YOUR TASK:
Starting with the line that contains "Banda Estrellas de Sinaloa – La Sorda‏" and stopping after the line that contains "2010 Porsche 987 Cayman - Image 27 of 31", copy the entries below exactly. Include nothing else.

INFORMATION GIVEN:

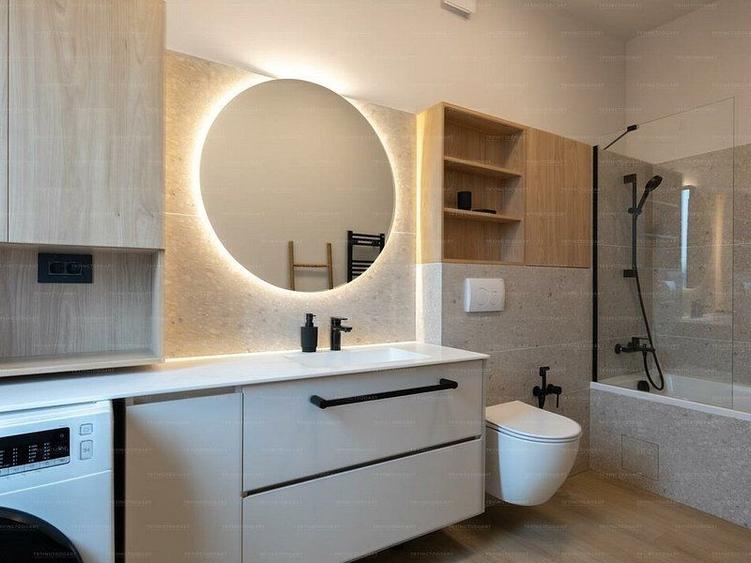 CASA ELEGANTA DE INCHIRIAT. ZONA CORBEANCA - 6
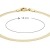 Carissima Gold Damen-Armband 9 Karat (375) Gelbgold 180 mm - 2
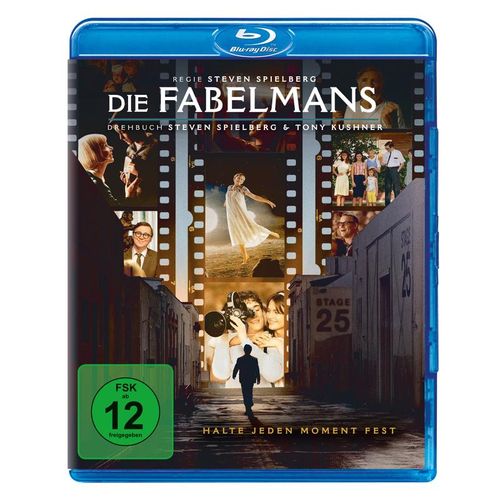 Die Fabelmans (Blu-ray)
--
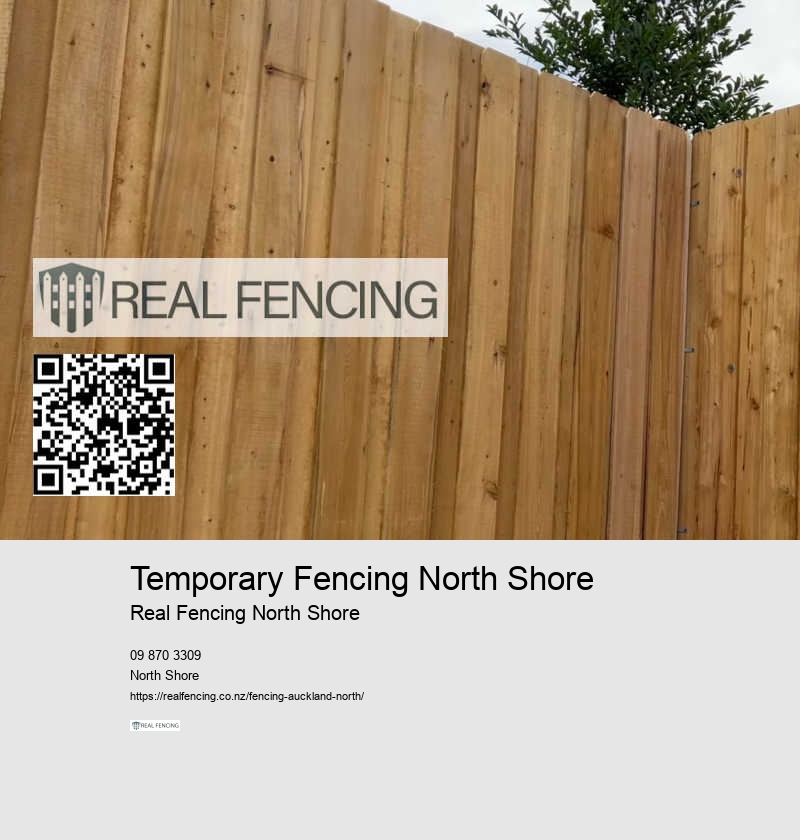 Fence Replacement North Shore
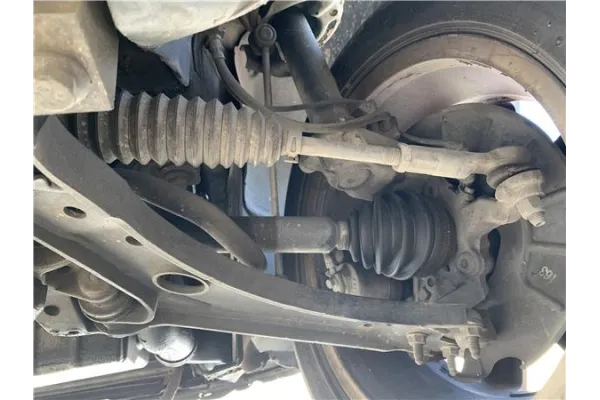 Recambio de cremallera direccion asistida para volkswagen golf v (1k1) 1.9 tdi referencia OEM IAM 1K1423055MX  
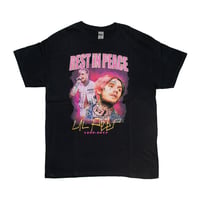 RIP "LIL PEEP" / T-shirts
* * *
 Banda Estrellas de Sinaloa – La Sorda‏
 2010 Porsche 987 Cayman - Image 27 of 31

OUTPUT OF THE EXERCISE:
 Banda Estrellas de Sinaloa – La Sorda‏
 2010 Porsche 987 Cayman - Image 27 of 31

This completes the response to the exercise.